Exactly as they stand, give the records below again, with no images.
-- Excerpted data follows --
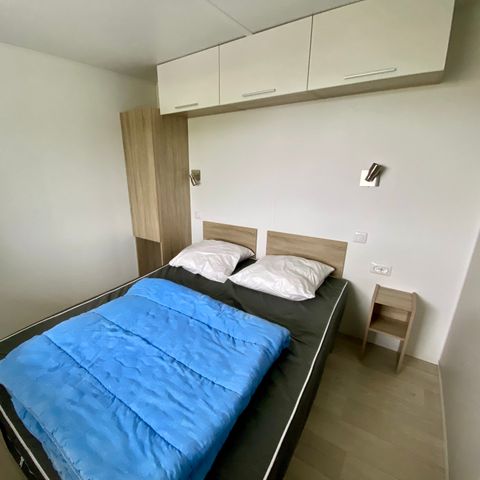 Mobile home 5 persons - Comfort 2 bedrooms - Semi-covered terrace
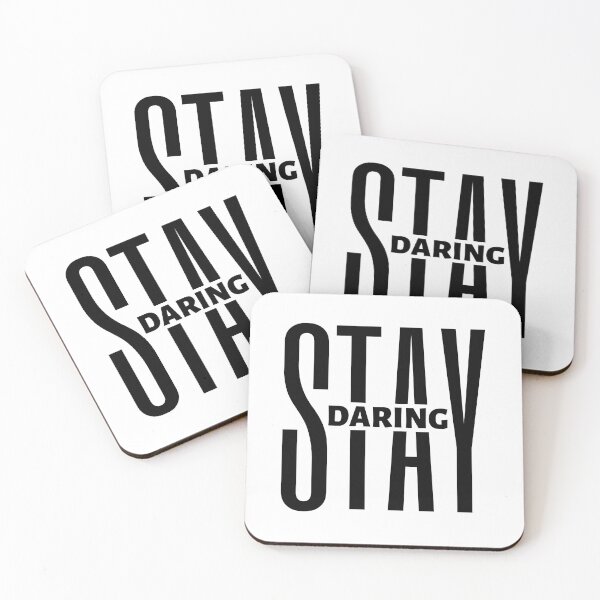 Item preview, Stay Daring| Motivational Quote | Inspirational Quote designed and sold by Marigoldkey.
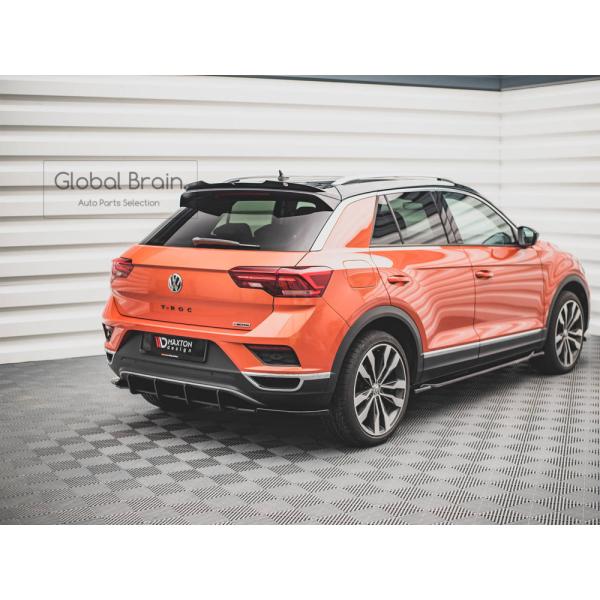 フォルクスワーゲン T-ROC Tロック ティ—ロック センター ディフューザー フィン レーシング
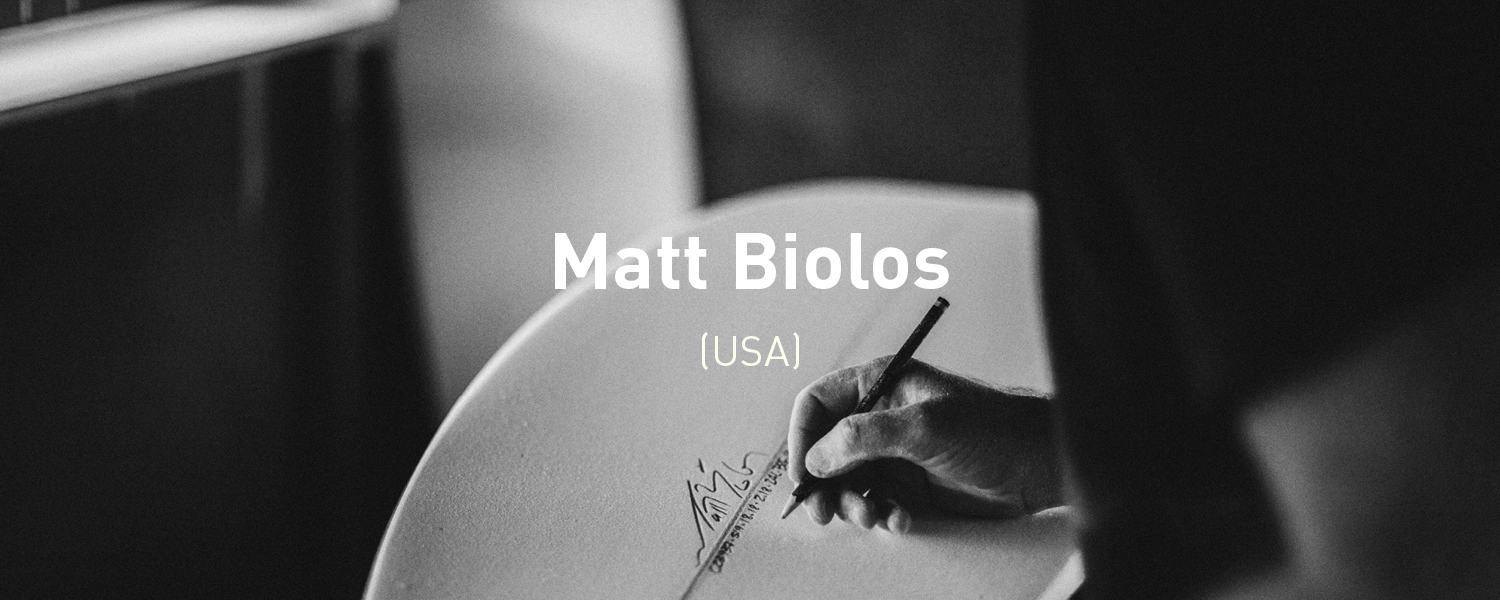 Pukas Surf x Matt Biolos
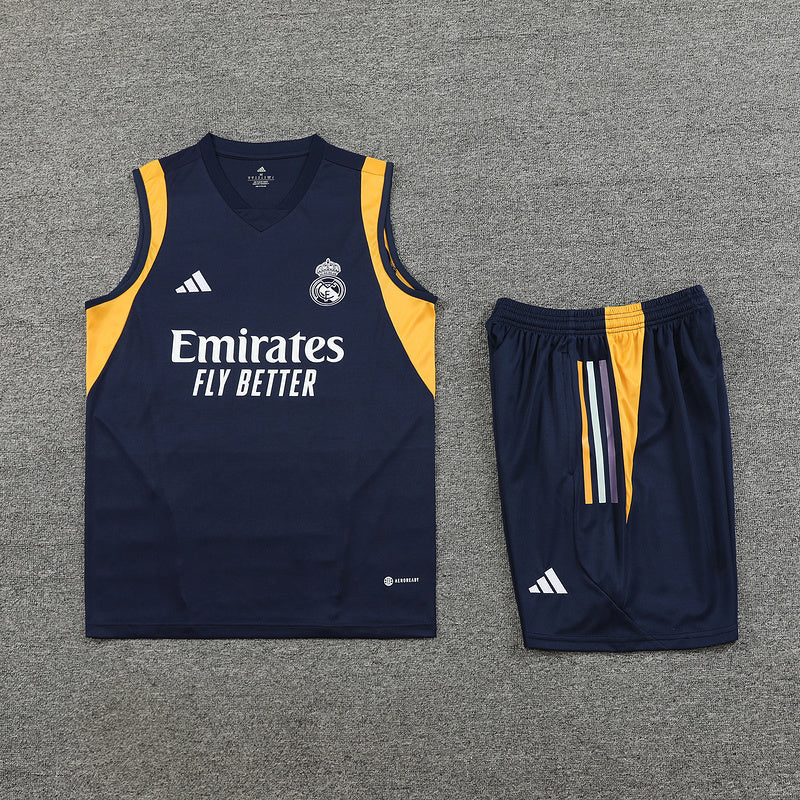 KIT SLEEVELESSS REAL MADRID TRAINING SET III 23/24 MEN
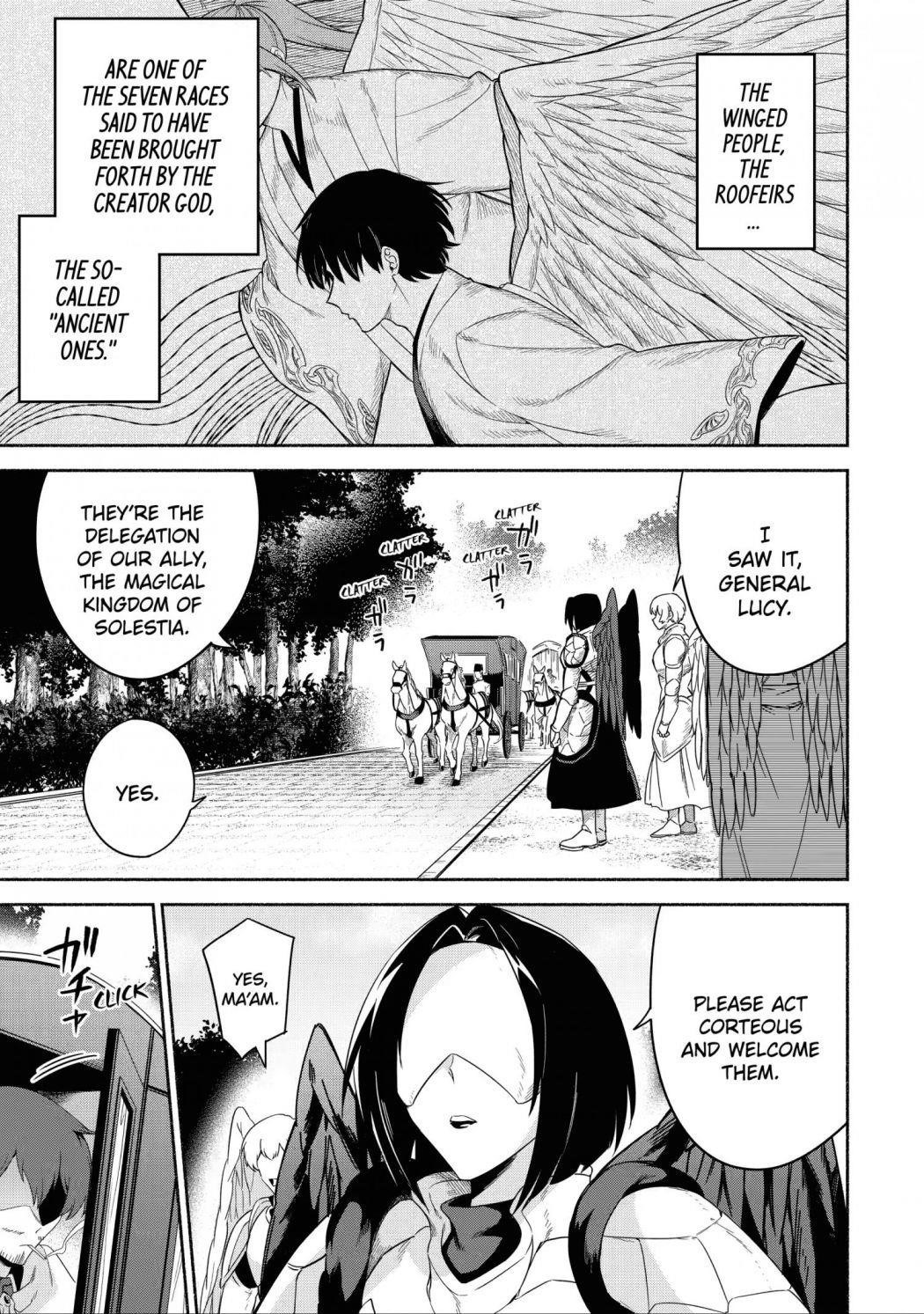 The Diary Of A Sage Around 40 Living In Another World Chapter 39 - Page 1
-- Excerpted data concluded --
-- Expected answer --
 Mobile home 5 persons - Comfort 2 bedrooms - Semi-covered terrace
 Item preview, Stay Daring| Motivational Quote | Inspirational Quote designed and sold by Marigoldkey.
 フォルクスワーゲン T-ROC Tロック ティ—ロック センター ディフューザー フィン レーシング
 Pukas Surf x Matt Biolos
 KIT SLEEVELESSS REAL MADRID TRAINING SET III 23/24 MEN
 The Diary Of A Sage Around 40 Living In Another World Chapter 39 - Page 1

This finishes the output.